Il faut dire qu’Hollywood n’a jamais réussi à faire mieux que Les Dents de la Mer par Steven Spielberg depuis 1975. Un moment donc que les idées sont ressassées, copiées, au sein même de la propre saga chère à la Universal. On citera juste Les Dents de la Mer 2 comme référence ultime avant de s’attaquer à cette nouvelle production estivale qu’est En Eaux Troubles.
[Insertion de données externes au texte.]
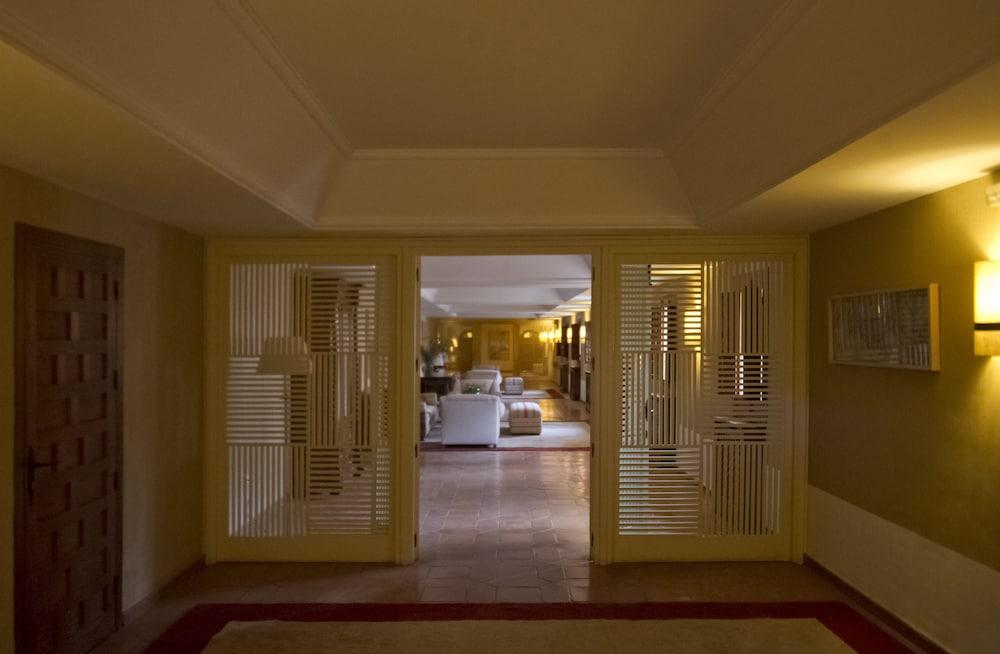 Parador De Cuenca Куенка Екстер'єр фото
Ce qui rentre en compte de façon très importante avec En Eaux Troubles est le fait que le film est destiné en premier lieu au marché chinois. De son titre original The Meg, Warner Bros a pensé son film pour les chinois et rien que pour eux. On connaît leurs affections pour les énormes bêtes et les actioners bodybuildés, d’où la présence de Jason Statham en premier plan sur l’affiche.
Le marché chinois est devenu primordial pour les studios américains depuis quelques années. Des blockbusters sont produits à destination de ce marché lucratif à l’image de Pacific Rim Uprising, Rampage, Skycrapers ou encore Kong – Skull Island. Les studios n’hésitent pas à s’associer ou à créer des branches dédiées sur place pour contourner la législation et les quotas d’importation de films étrangers. Les divertissements sont alors en partie chinois et Américains soutenus par le savoir-faire des artisans américains et l’attrait d’une star hollywoodienne en haut de l’affiche. The Meg en est une nouvelle fois la preuve. On peut penser aussi à La Grande Muraille où Matt Damon était la caution américaine à cette production d’envergure pour le territoire asiatique par la Universal.
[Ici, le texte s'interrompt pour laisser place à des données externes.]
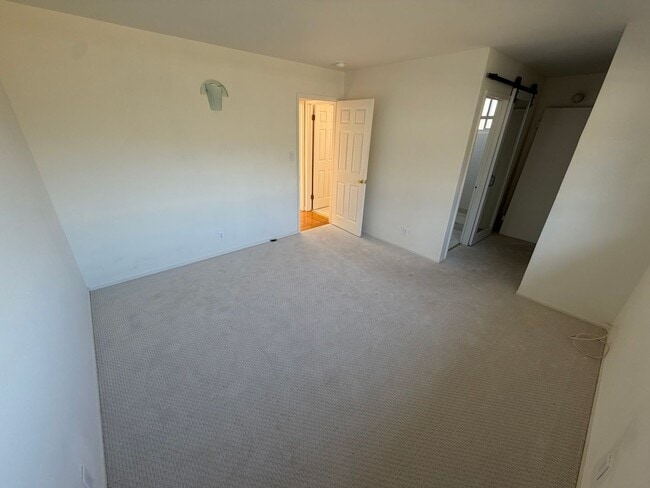 Building Photo - Charming Single-Family Home in the Heart of Millbrae Meadows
The Meg ou l’énorme Mégalodon sortant des profondeurs des mers de Chine suite à l’exploration opportuniste des eaux par une équipe de scientifiques. Pour les aider, on fait appel à un spécialiste tombé dans l’alcool suite à la perte d’une partie de son équipe lors d’un sauvetage 5 ans auparavant. Ce héros providentiel est Jason Staham qui profite de son aura de star en Chine suite aux succès des Expendables, mais surtout de la trilogie Transporteur. Jason Statham versus un Mégalodon de 25 mètres, naviguant d’impressionnante façon dans les mers de Chine. Cette étendue d’eau que nous ne quitterons pas pendant les trois quarts du film. Ne pensez pas à voir des plagistes se faire dévorer ou des pêcheurs innocents couler à pic après une attaque fulgurante de la grosse bébête. En Eaux Troubles joue surtout sur la chasse des scientifiques essayant tant bien que mal de réparer leurs bêtises et de tuer le Mégalodon avant qu’il atteigne les côtes chinoises.
En cela le film est un divertissement bis de haute volée. Le spectacle pop-corn inepte assure avec efficacité via la peur des profondeurs et de son immensité. On ne sait jamais par où le Meg arrive, l’obscurité agissant réellement sur vos plus grandes peurs primales.
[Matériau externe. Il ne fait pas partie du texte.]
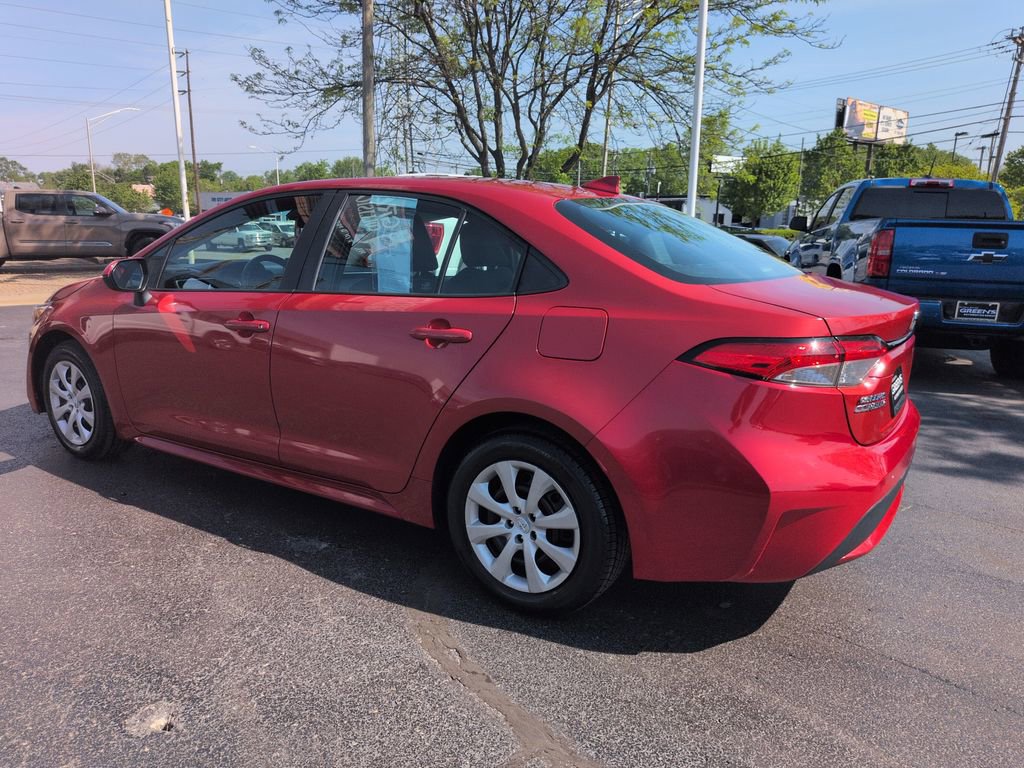 Used 2021 Toyota Corolla LE FWD image 3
En Eaux Troubles est un spectacle facile, mais diablement efficace. On s’amuse comme des enfants, un véritable roller-coaster cinématographique où le héros dépassera l’entendement pour sauver son équipe. En l’occurrence Jason Staham qui trouve un nouveau rôle à sa mesure, cabotinant au gré des situations une seule et même intonation de jeu, le haussement de sourcils. Il faut le voir jouer l’homme perdu et alcoolique au fin fond de la Thaïlande pour le croire ! Même Sylvester Stallone dans Rambo 3 était plus convaincant. Avouons ne pas venir voir The Meg pour le jeu d’acteur de Jason Statham, mais nous restons circonspects face à si peu de propositions de sa part. Le bonhomme assure en héros monolithique, mais même être bourré à la bière thaïlandaise, il ne sait pas faire. Par contre, pour foutre des pains à un Mégalodon, il est le roi.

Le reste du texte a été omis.